Section 1502 of the Dodd-Frank Wall Street Reform and Consumer Protection Act of 2010 (Dodd-Frank 1502) requires the SEC to hold public companies ("issuers") accountable for an explanation of where certain minerals and their derivatives originated. The first reports are due to the SEC in May 2014, and many companies are still trying to sort out the best approach for compliance with the new regulatory requirement.
The minerals named in Dodd-Frank 1502 include cassiterite, columbite-tantalite (also known as coltan) and wolframite. Why these minerals?

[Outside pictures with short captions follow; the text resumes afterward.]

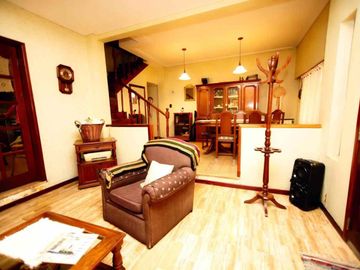 VENTA CASA 5 AMBIENTES RAMOS MEJIA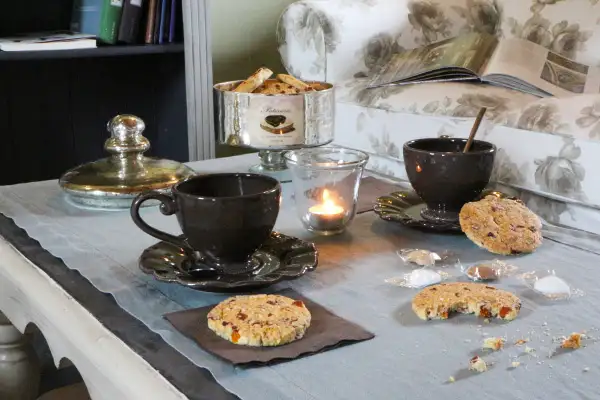 Cookies et café ou thé pour une pause gourmande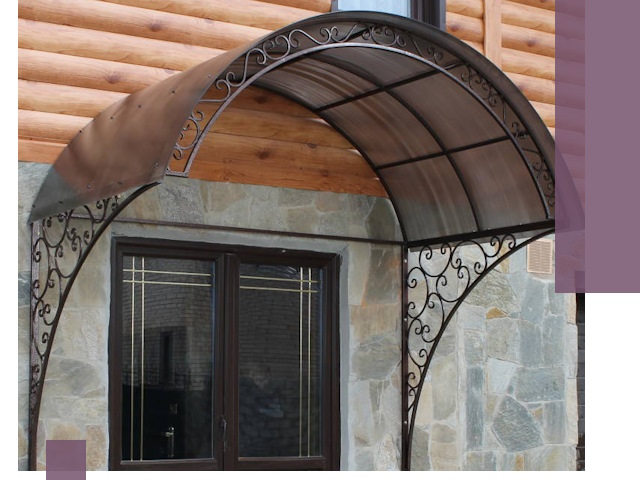 Арочные козырьки под ключ в Муравленке: изготовление и монтаж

Because they are the ones from which tin, tantalum, tungsten, and gold are derived, and significant amounts of these minerals are mined in areas controlled by armed groups operating in the Democratic Republic of the Congo (DRC) and the nine countries that surround it. (See Figure 1.) In Dodd-Frank parlance, these are known as the "Covered Countries," and Dodd-Frank 1502 directs the SEC to require companies that manufacture products containing tin, tantalum, tungsten, and gold—collectively referred to as "3TG" or "conflict minerals"—to document whether any 3TG in their products have been purchased from the armed groups suspected of committing human rights violations in the Covered Countries.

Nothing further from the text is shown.